● Listed entries:
◇ ◇ ◇ ◇ ◇ ◇ ◇

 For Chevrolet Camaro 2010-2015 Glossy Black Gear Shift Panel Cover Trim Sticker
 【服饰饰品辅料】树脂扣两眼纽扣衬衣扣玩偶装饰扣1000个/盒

◇ ◇ ◇ ◇ ◇ ◇ ◇

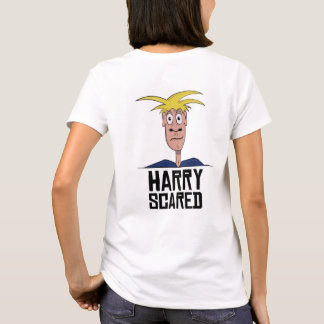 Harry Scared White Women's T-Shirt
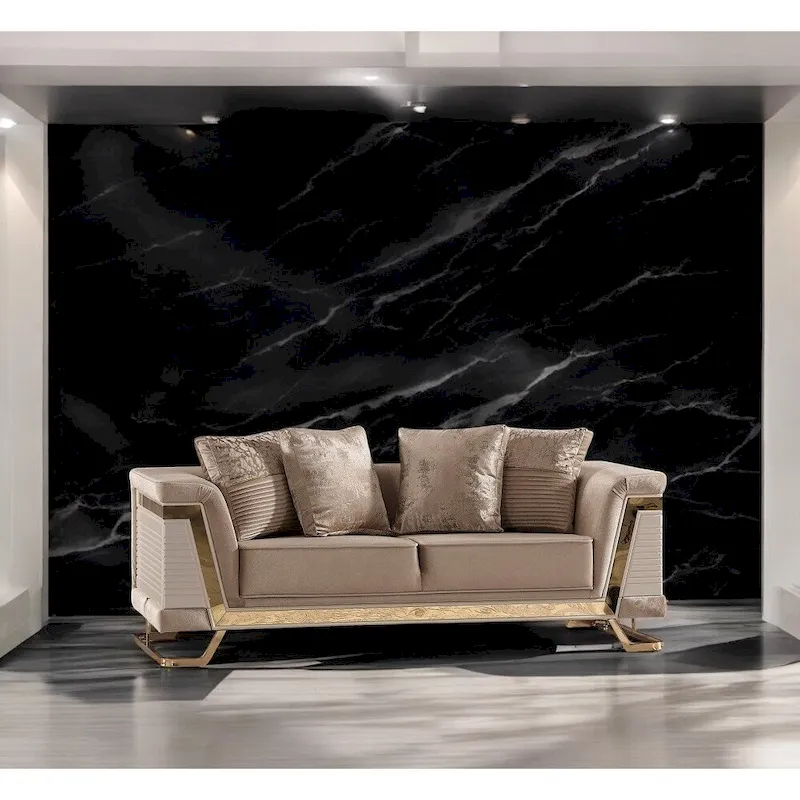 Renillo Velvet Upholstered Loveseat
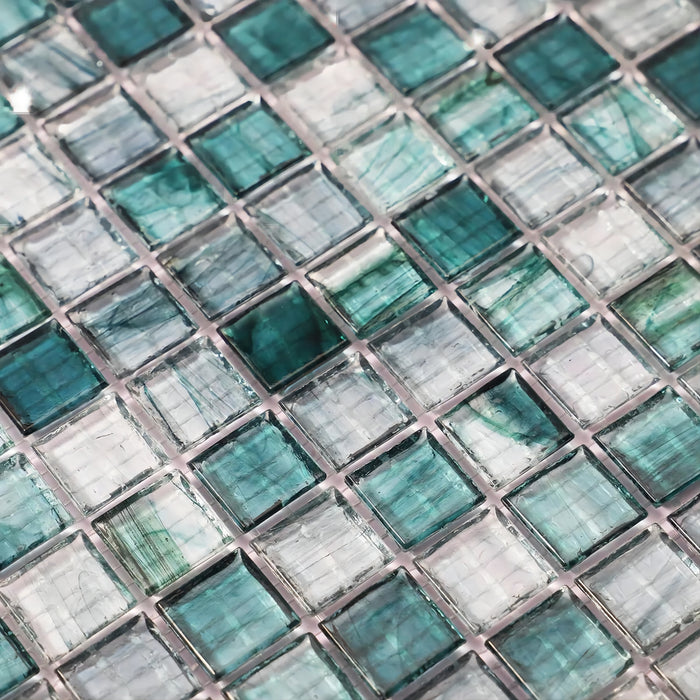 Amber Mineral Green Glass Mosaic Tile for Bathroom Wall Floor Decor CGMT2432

◇ ◇ ◇ ◇ ◇ ◇ ◇

● Problem:
Write out again exactly the lines above from the one with "Harry Scared White Women's T-Shirt" through the one with "Amber Mineral Green", adding no other lines and no pictures.

● Task result:
 Harry Scared White Women's T-Shirt
 Renillo Velvet Upholstered Loveseat
 Amber Mineral Green Glass Mosaic Tile for Bathroom Wall Floor Decor CGMT2432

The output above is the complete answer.